Menurut Renewable Energy World, proyek Marmok Atlantic telah berhasil memasang prototipe konverter energi gelombang terapung (WEC) di lokasi uji Biscay Marine Energy Platform (BiMEP) di lepas pantai Bilbao, Spanyol. Prototipe yang diberi nama Marmok-A-5 dan dikembangkan oleh Idom ini adalah WEC pertama yang terhubung ke jaringan listrik melalui pelampung terapung. Ini adalah salah satu dari tiga proyek energi gelombang di bawah program penelitian EuropeWave Uni Eropa.
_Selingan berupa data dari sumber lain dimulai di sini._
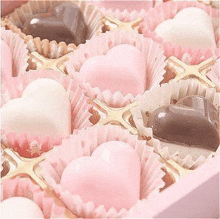 there are many different types of chocolates in the shape of hearts in a pink box .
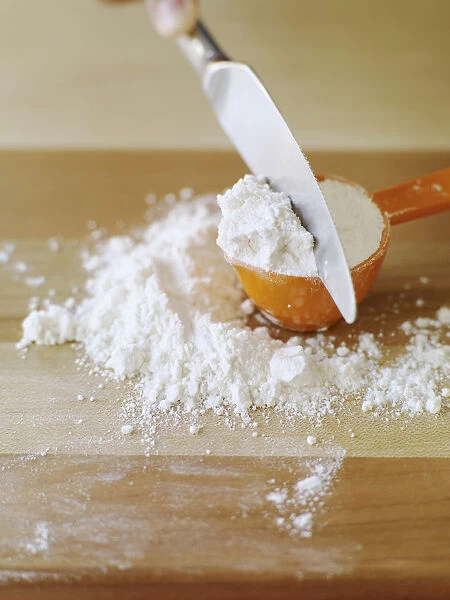 Levelling measuring cup of flour with back of knife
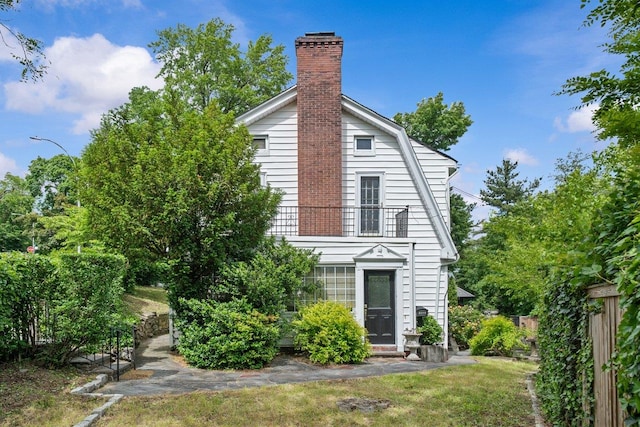 2711 Edgehill Ave, Bronx, NY 10463 - view of side of home with a gambrel roof, a chimney, a balcony, and a lawn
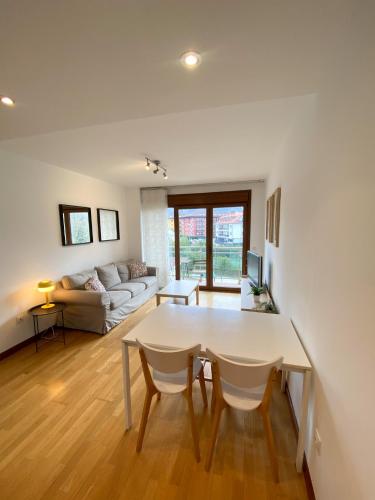 a living room with a table and a couch at Alojamiento Puente del Sella in Cangas de Onís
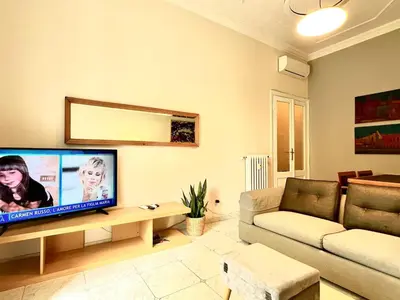 a living room with a large flat screen tv at My Roman Home - Prati Vaticano in Rome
Struktur utama Marmok adalah pelampung yang berisi kolom air silindris di dalamnya. Seluruh perangkat memiliki tinggi 42 meter, dengan bagian sepanjang 5 meter dan berdiameter 5 meter yang menonjol di atas air dan ditambatkan ke dasar laut pada kedalaman hampir 90 meter. Selama beroperasi, gelombang laut mendorong pelampung, menyebabkan kolom air di dalamnya bergerak relatif terhadap pelampung. Gerakan ini bertindak seperti piston, menekan dan mengembangkan ruang udara di bagian atas pelampung. Aliran udara yang berosilasi memutar turbin, menghasilkan listrik yang ditransmisikan ke darat melalui kabel bawah laut.
Versi-versi sebelumnya dari Marmok telah digunakan sejak tahun 2016. Versi terbaru ini menawarkan sistem kontrol cerdas, baling-baling yang dapat disesuaikan, dan paket baterai terintegrasi, yang bertujuan untuk menunjukkan potensinya dalam pembangkitan energi lepas pantai dalam kondisi nyata.
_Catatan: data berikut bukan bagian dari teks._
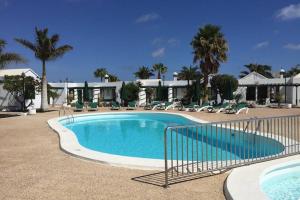 una grande piscina in un resort con palme di Bandama 14! 2 Bedroom Newly Renovated Bungalow, Los Pocillos, Puerto Del Carmen. a Puerto del Carmen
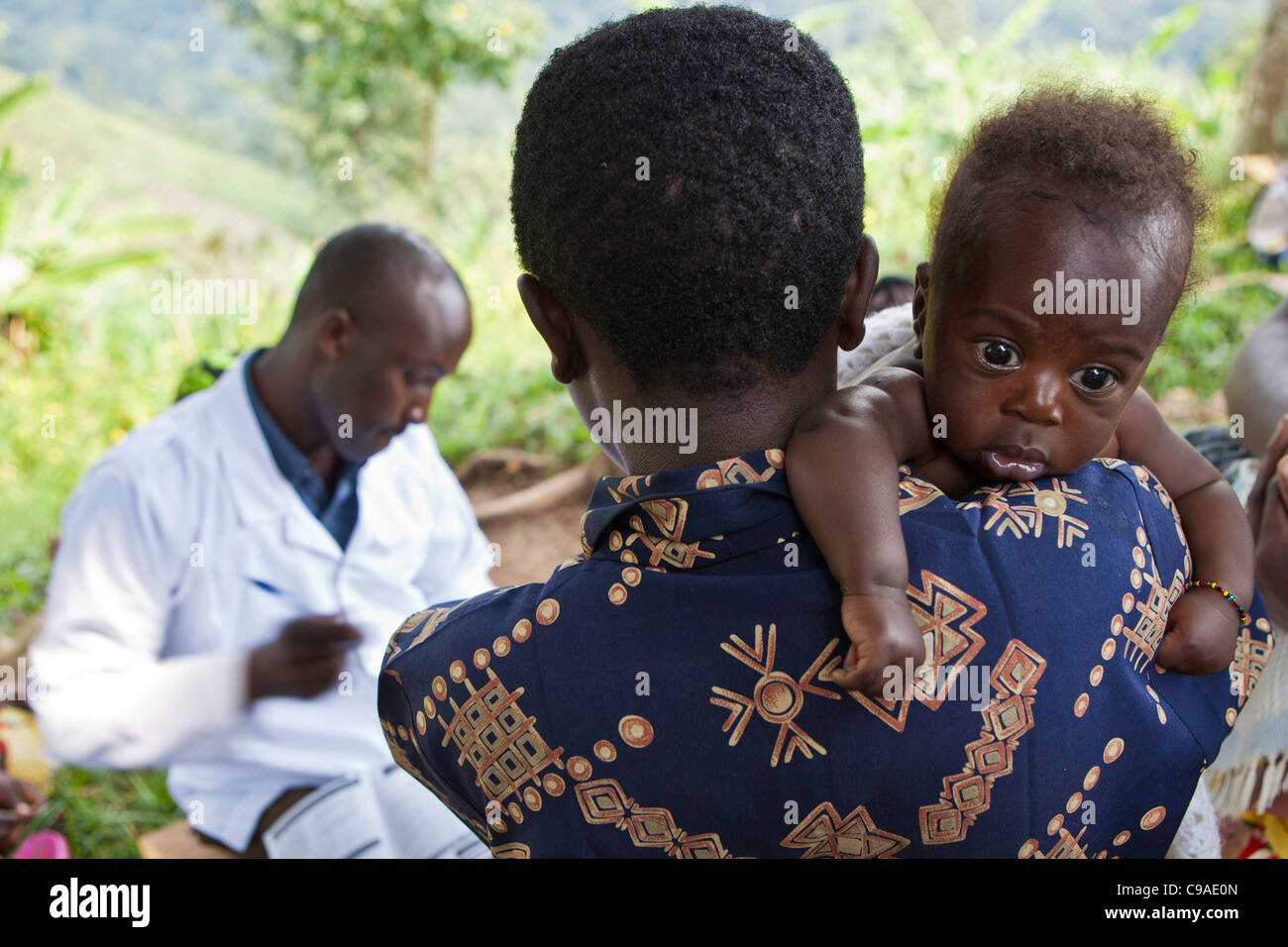 Women gather for health checks and to vaccinate their children. Bwindi Community hospital medical out reach clinic, Uganda. Stock Photo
Menurut New Atlas, Marmok-A-5 hanya dapat menghasilkan daya listrik maksimal 30 kW, cukup untuk memasok listrik bagi 15-20 rumah tangga di AS. Setelah Marmok-A-5 berhasil dipasang dan terhubung ke jaringan listrik, tugas selanjutnya adalah mengoperasikannya secara penuh. Data yang dikumpulkan dari pengujian akan membantu merencanakan fase selanjutnya dalam penyempurnaan teknologi sebelum komersialisasi dan penyebaran luas. Dalam beberapa minggu mendatang, Idom akan menguji sistem penggerak daya (PTO) Marmok-A-5 dan meningkatkan pengoperasiannya untuk mencapai efisiensi yang lebih tinggi.
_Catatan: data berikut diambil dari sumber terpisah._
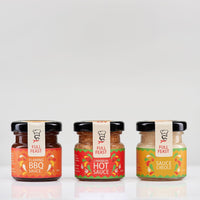 Full Feast Spicy Discovery Trio — hot sauce gift set with three Caribbean sauces — serving suggestion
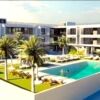 Modern apartments in Fuseta with a large swimming pool and tropical palm trees.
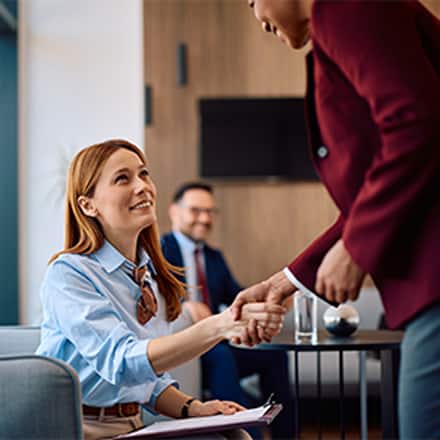 A professionally dressed woman shaking someone's hand in an office setting to represent entry-level HR jobs.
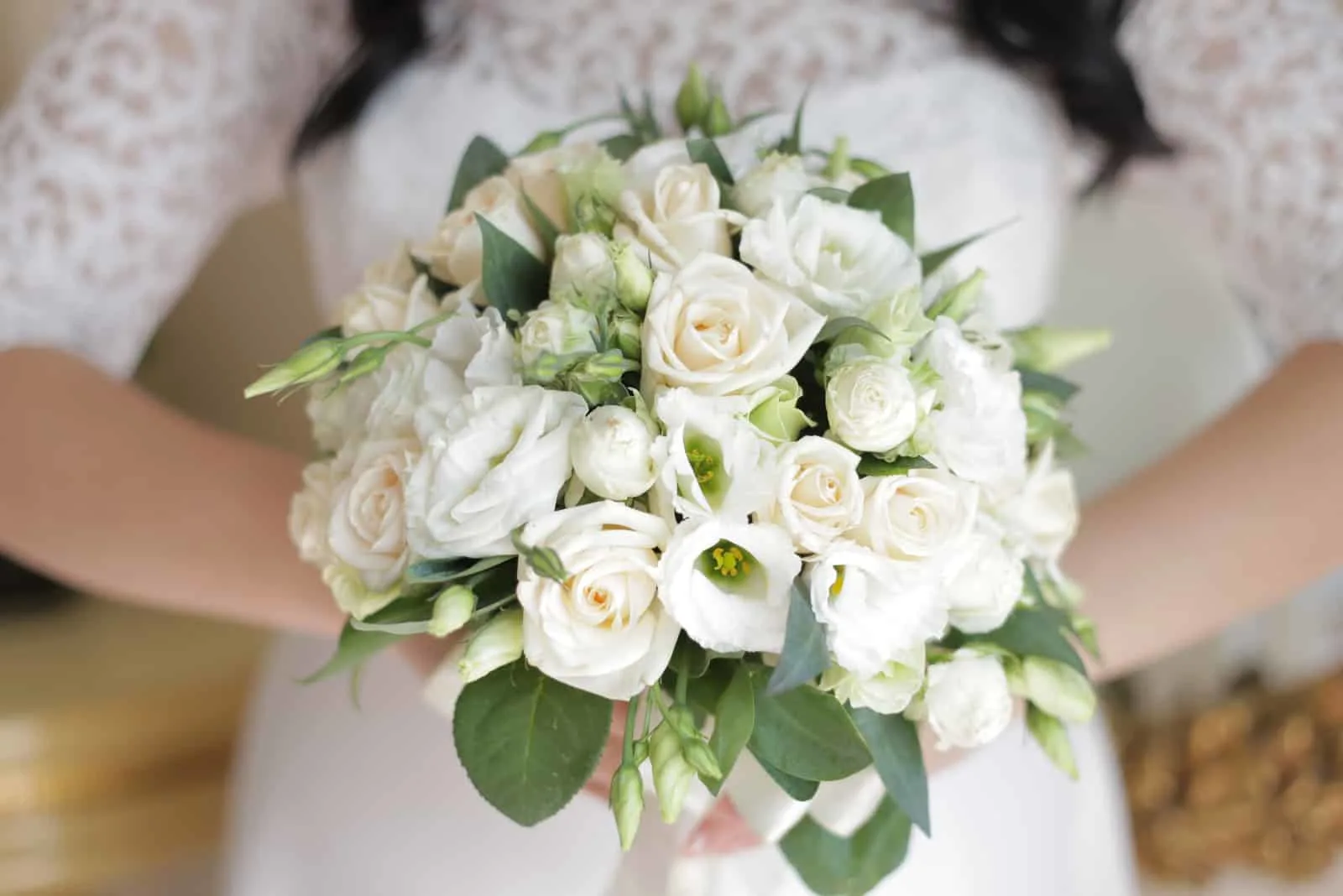 die Braut hält einen Brautstrauß aus weißen Rosen und Eustoma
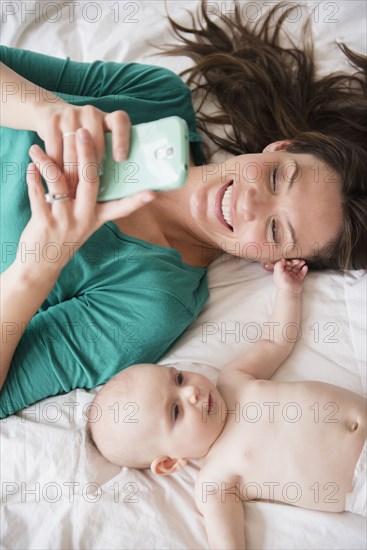 Mother taking selfie with baby daughter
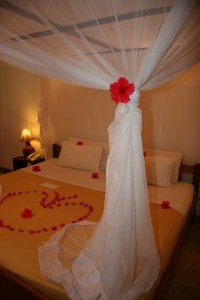 Our bed decorated with fresh flowers from Mapenzi Beach Resort.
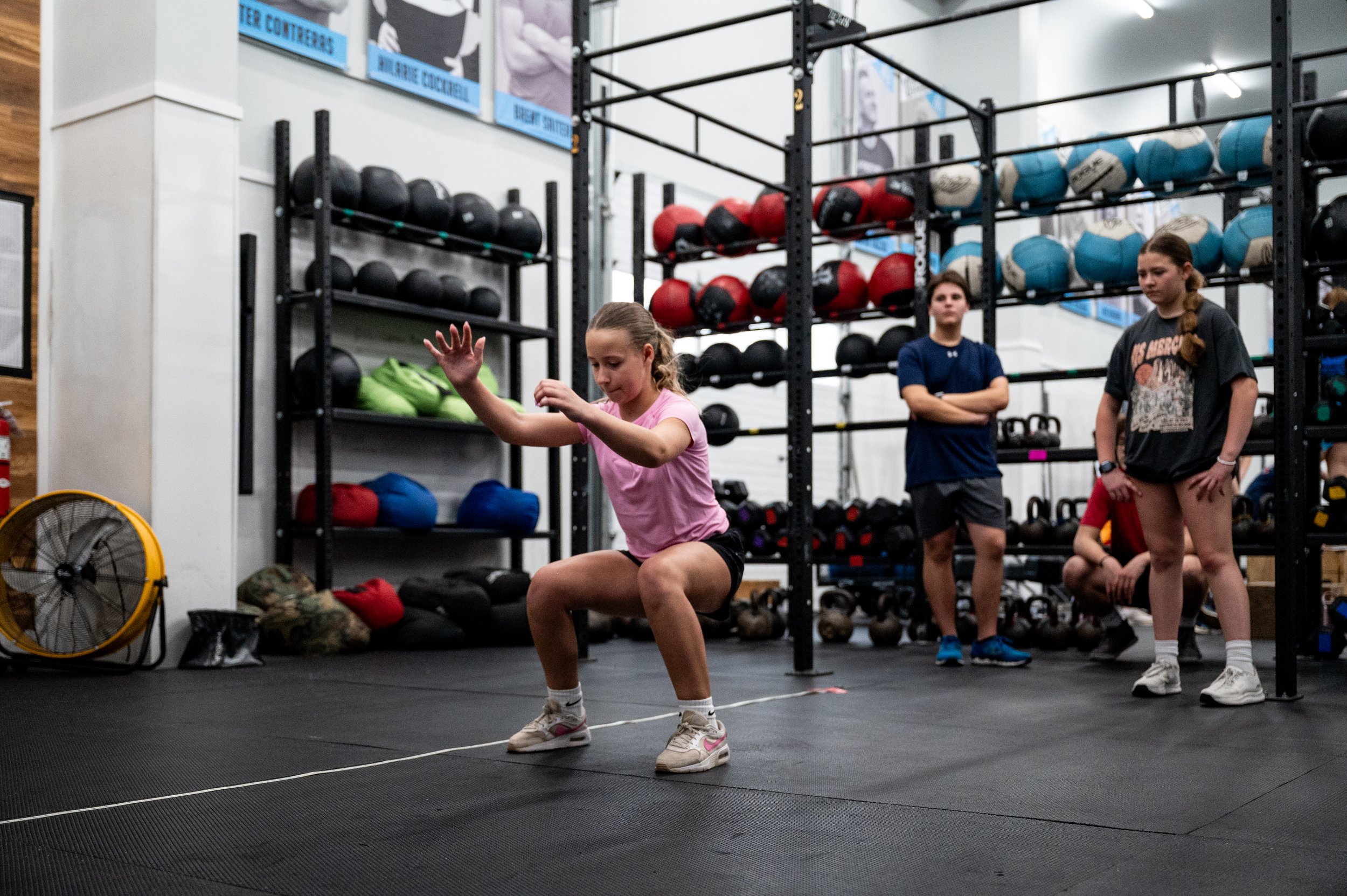 A young girl in a pink shirt and black shorts is exercising indoors on a black gym floor, jumping over a rope. Two other children are standing nearby, watching her. The gym has racks of medicine balls, a fan, and posters on the wall.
Ini bukan satu-satunya perangkat konversi energi gelombang di laut. Pada tahun 2024, Universitas Western Australia juga menguji desain WEC (Wave Energy Converter) besar yang terdiri dari rangka baja yang dipasang pada empat pelampung apung. Tantangan utama bagi para peneliti adalah membangun sistem yang dapat diskalakan, tahan terhadap kondisi lepas pantai yang keras, mudah dirawat, hemat biaya, dan meminimalkan dampak pada ekosistem laut.